Teman baikku,
Hampir dua puluh tahun lalu, ketika aku dan beberapa teman belum lama mendirikan Jakarta School, seorang perempuan muda datang dan menanyakan sejumlah hal tentang program penulisan kami. Ia ingin belajar menulis.
“Tapi saya tidak mau membaca satu buku pun,” katanya.
“Kenapa begitu?” tanya saya.
“Saya ingin tulisan saya orisinil, tidak dipengaruhi orang lain.”
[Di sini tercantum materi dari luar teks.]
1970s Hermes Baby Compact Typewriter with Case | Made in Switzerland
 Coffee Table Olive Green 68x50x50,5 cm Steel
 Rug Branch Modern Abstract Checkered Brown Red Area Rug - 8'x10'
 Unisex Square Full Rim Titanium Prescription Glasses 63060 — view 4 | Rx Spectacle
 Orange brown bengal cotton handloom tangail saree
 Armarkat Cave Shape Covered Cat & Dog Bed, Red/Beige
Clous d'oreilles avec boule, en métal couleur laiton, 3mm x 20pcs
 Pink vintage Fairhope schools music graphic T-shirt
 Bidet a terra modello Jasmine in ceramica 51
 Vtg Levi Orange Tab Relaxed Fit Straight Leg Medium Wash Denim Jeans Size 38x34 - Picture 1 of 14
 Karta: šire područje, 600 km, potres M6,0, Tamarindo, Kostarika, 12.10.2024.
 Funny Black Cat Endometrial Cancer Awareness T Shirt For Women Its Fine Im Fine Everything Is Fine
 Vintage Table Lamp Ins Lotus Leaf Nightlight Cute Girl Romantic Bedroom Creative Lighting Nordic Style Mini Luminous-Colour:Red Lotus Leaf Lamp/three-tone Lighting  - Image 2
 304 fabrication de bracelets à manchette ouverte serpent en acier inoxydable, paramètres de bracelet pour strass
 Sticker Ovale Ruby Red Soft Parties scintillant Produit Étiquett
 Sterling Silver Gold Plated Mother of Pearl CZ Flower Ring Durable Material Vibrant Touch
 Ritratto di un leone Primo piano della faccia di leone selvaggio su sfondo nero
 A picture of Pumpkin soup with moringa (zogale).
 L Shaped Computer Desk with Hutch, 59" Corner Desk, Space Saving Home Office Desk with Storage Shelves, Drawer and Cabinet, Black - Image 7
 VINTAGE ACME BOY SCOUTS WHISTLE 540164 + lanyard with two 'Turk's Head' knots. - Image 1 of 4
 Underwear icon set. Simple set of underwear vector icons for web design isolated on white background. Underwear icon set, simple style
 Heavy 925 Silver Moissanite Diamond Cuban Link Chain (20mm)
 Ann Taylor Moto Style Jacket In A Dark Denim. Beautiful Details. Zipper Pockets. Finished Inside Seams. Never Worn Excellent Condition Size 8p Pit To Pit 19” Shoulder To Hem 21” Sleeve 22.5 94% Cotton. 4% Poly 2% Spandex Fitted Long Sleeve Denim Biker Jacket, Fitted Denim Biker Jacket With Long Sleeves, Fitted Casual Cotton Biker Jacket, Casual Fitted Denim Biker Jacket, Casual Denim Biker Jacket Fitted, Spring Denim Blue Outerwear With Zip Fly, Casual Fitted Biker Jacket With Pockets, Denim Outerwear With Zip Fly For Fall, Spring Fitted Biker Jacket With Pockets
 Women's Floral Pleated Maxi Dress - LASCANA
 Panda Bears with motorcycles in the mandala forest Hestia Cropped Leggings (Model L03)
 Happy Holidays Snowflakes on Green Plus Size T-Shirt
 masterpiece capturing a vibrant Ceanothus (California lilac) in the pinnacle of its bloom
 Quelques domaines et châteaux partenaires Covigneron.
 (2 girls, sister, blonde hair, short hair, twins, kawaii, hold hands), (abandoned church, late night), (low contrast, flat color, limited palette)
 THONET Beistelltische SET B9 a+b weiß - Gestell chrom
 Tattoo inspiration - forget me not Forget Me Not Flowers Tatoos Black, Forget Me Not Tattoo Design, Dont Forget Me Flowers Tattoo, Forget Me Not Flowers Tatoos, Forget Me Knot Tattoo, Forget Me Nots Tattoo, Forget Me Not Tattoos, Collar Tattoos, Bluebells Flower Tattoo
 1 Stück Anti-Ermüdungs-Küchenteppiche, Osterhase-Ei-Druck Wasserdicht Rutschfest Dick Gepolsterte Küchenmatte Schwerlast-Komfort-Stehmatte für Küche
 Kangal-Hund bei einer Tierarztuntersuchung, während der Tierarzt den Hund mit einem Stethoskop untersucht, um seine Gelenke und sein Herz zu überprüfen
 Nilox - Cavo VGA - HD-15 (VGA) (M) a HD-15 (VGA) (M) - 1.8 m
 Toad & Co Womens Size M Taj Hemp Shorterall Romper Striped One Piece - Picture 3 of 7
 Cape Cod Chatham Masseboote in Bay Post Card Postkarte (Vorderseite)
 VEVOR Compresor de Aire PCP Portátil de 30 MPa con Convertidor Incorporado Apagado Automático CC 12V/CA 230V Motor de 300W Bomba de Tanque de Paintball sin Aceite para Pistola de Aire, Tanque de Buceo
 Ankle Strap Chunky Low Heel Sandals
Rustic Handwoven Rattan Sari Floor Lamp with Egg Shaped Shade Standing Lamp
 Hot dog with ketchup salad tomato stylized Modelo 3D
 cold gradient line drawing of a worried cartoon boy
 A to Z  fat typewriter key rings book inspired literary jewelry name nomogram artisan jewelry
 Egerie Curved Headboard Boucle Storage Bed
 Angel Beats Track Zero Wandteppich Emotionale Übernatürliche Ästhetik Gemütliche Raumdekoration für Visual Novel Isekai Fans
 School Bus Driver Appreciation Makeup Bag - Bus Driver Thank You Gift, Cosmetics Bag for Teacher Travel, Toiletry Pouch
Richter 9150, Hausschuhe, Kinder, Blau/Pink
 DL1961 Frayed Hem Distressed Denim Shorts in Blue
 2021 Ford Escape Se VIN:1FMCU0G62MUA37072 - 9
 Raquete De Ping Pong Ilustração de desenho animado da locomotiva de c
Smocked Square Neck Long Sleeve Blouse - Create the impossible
Itu omong kosong. Menurutku ia hanya tidak tahu gunanya membaca dan tidak mau membaca. Jika semua orang berpegang pada prinsip seperti itu, yang ada hanya orang yang menulis, tetapi tanpa pembaca. Dan, tanpa pembaca, apa gunanya tulisan?
Lebih dari itu, ia jelas tidak memahami pernyataannya sendiri.
Untuk menghindari perdebatan, kukatakan bahwa ia tidak mungkin belajar menulis di tempat kami, sebab aku akan memaksanya membaca.
*
Orisinalitas tidak lahir dengan cara tidak membaca satu buku pun. Orisinalitas lahir dari “pertengkaran” dengan orang-orang yang kita kagumi, dari cinta dan kekaguman yang berkembang menjadi perlawanan kreatif.
Setiap penulis pasti memiliki “ayah sastra” dan “ibu sastra” masing-masing, tetapi ada masa ketika ia tumbuh dewasa dan harus meninggalkan rumah. Pertengkaran kreatif adalah momen alami. Dari sana muncul suara pribadi, bukan karena ia berbeda seratus persen dari “orang tua sastra”-nya, tetapi karena ia sudah selesai menjadi murid yang patuh dan sedang berupaya keras untuk melahirkan suaranya sendiri.
Jadi, menirulah. Semua berawal dari situ. Semua penulis mula-mula akan terdengar seperti bayangan penulis lain. Itu tahap belajar; itu tahap pembentukan. Tidak ada bayi yang serta merta menemukan suaranya sendiri begitu ia mampu bicara.
Menirulah dan pahami betul orang-orang yang kamu tiru. Baca mereka sampai kamu tahu kenapa mereka menulis seperti itu. Menyelamlah. Jangan cuma main-main di kolam dangkal. Jangan cuma meniru di level permukaan. Kalau kamu menyukai Pramoedya Ananta Toer, cari tahu kenapa dia tetap bercerita dalam situasi sesulit apa pun, kenapa cara berceritanya seperti itu, kenapa dia menggarap tema-tema itu. Kalau kamu mengagumi Kafka, Chekhov, Garcia Marquez, atau siapa pun, pahami bagaimana mereka menyusun kalimat dan apa yang menjadi pergulatan mereka sepanjang hayat.
Meniru hanya berguna jika kamu sadar apa yang sedang kamu pelajari.
Kamu tidak bisa menemukan dirimu sendiri tanpa berjalan di antara bayangan orang lain. Tapi kamu juga tidak boleh berlama-lama di sana. Setelah belajar dari mereka, kamu harus mulai bertengkar dengan mereka. Tulisanmu baru akan tumbuh dari pertengkaran itu, dari keinginan mengingkari atau menghapus jejak-jejak keterpengaruhan—suatu upaya yang tidak mungkin sepenuhnya berhasil.
Harold Bloom, dalam bukunya The Anxiety of Influence: A Theory of Poetry (1973), menjelaskan pertarungan psikologis para penulis untuk menciptakan karya-karya orisinil di bawah bayang-bayang “orang tua sastra” mereka. Kapan-kapan kita bicarakan buku itu.
*
Belajar menulis, berlatih dengan metode, meningkatkan keterampilan secara bertahap, itu hal-hal yang berharga untuk dilakukan. Aku akan tetap mengatakannya, dan berharap kamu melakukannya, meskipun AI bisa memberimu tulisan hanya dalam satu menit, dan iklan-iklan bermunculan menawarimu kemudahan: “Satu buku selesai dalam 24 jam.”
Sepertinya itu iklan pertunjukan sulap. Ia memberimu kecakapan untuk mengubah diri sendiri menjadi mesin.
Itu memang jalan pintas untuk menghasilkan tulisan, tetapi ia juga jalan tol untuk menjadi bodoh.
Kamu bisa menghasilkan satu buku dalam 24 jam, tanpa perlu berpikir, tanpa perlu membaca buku apa pun, dan kamu akan mengulanginya lagi, lagi, lagi. Dan kamu menjadi lupa caranya berpikir.